▶ [WHAT THE TASK REQUIRES] Without any of its pictures, the listing below should be output exactly.

[RECORDS SHOWN]

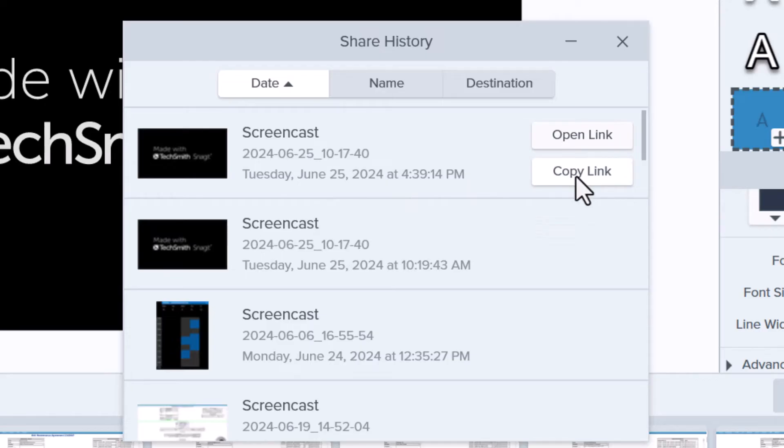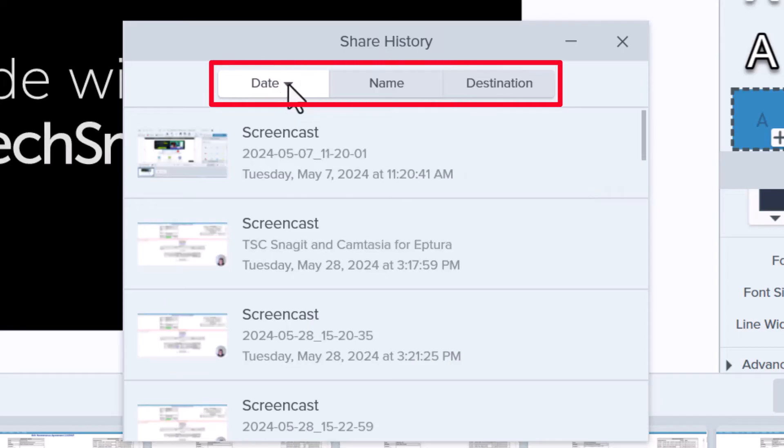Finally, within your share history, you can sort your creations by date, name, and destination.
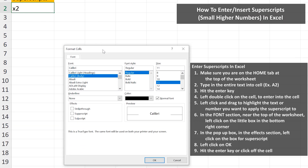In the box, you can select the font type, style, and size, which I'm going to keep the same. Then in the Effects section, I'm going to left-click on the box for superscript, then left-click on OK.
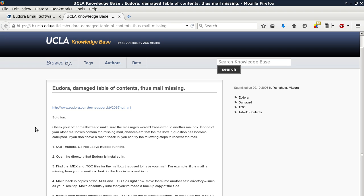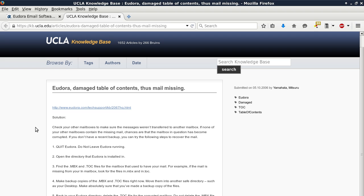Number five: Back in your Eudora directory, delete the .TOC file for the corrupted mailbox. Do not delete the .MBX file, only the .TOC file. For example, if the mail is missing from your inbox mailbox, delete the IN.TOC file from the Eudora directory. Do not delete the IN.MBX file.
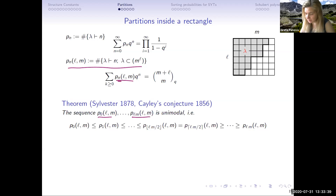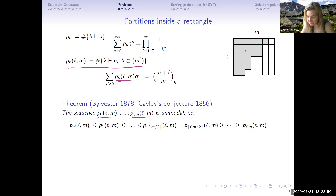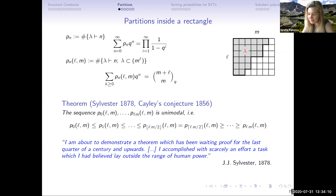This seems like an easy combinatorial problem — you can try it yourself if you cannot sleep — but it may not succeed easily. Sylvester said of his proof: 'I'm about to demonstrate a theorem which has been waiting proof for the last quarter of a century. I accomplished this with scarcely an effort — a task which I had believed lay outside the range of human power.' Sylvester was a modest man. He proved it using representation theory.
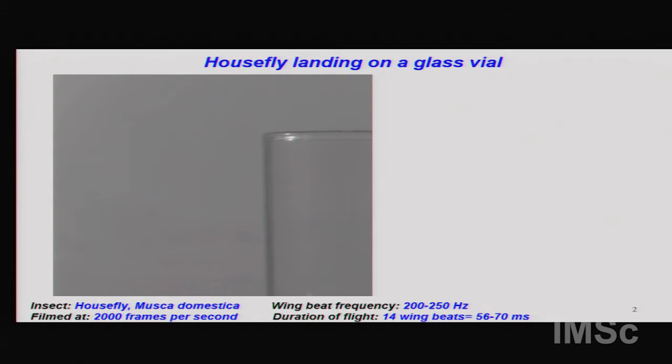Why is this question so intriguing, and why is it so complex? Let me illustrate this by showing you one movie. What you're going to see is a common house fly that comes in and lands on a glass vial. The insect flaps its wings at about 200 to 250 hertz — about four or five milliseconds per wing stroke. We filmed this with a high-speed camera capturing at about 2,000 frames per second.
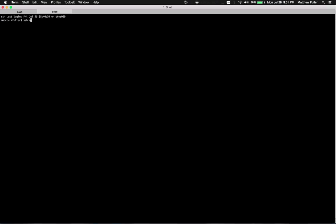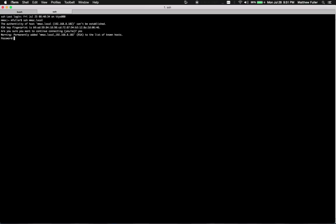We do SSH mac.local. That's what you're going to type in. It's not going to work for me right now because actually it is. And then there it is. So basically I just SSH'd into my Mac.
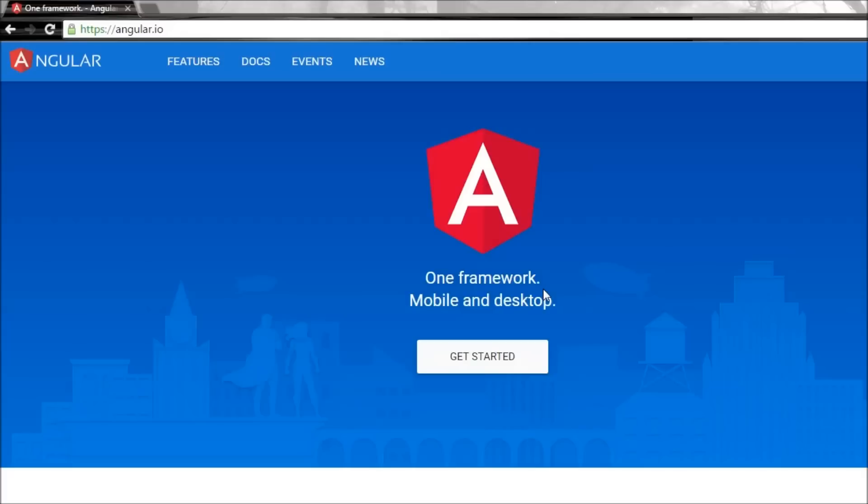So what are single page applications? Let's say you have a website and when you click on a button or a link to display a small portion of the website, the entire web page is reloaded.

[/RECORDS SHOWN]

▶ [EXERCISE ANSWER]
Finally, within your share history, you can sort your creations by date, name, and destination.
In the box, you can select the font type, style, and size, which I'm going to keep the same. Then in the Effects section, I'm going to left-click on the box for superscript, then left-click on OK.
Number five: Back in your Eudora directory, delete the .TOC file for the corrupted mailbox. Do not delete the .MBX file, only the .TOC file. For example, if the mail is missing from your inbox mailbox, delete the IN.TOC file from the Eudora directory. Do not delete the IN.MBX file.
This seems like an easy combinatorial problem — you can try it yourself if you cannot sleep — but it may not succeed easily. Sylvester said of his proof: 'I'm about to demonstrate a theorem which has been waiting proof for the last quarter of a century. I accomplished this with scarcely an effort — a task which I had believed lay outside the range of human power.' Sylvester was a modest man. He proved it using representation theory.
Why is this question so intriguing, and why is it so complex? Let me illustrate this by showing you one movie. What you're going to see is a common house fly that comes in and lands on a glass vial. The insect flaps its wings at about 200 to 250 hertz — about four or five milliseconds per wing stroke. We filmed this with a high-speed camera capturing at about 2,000 frames per second.
We do SSH mac.local. That's what you're going to type in. It's not going to work for me right now because actually it is. And then there it is. So basically I just SSH'd into my Mac.
So what are single page applications? Let's say you have a website and when you click on a button or a link to display a small portion of the website, the entire web page is reloaded.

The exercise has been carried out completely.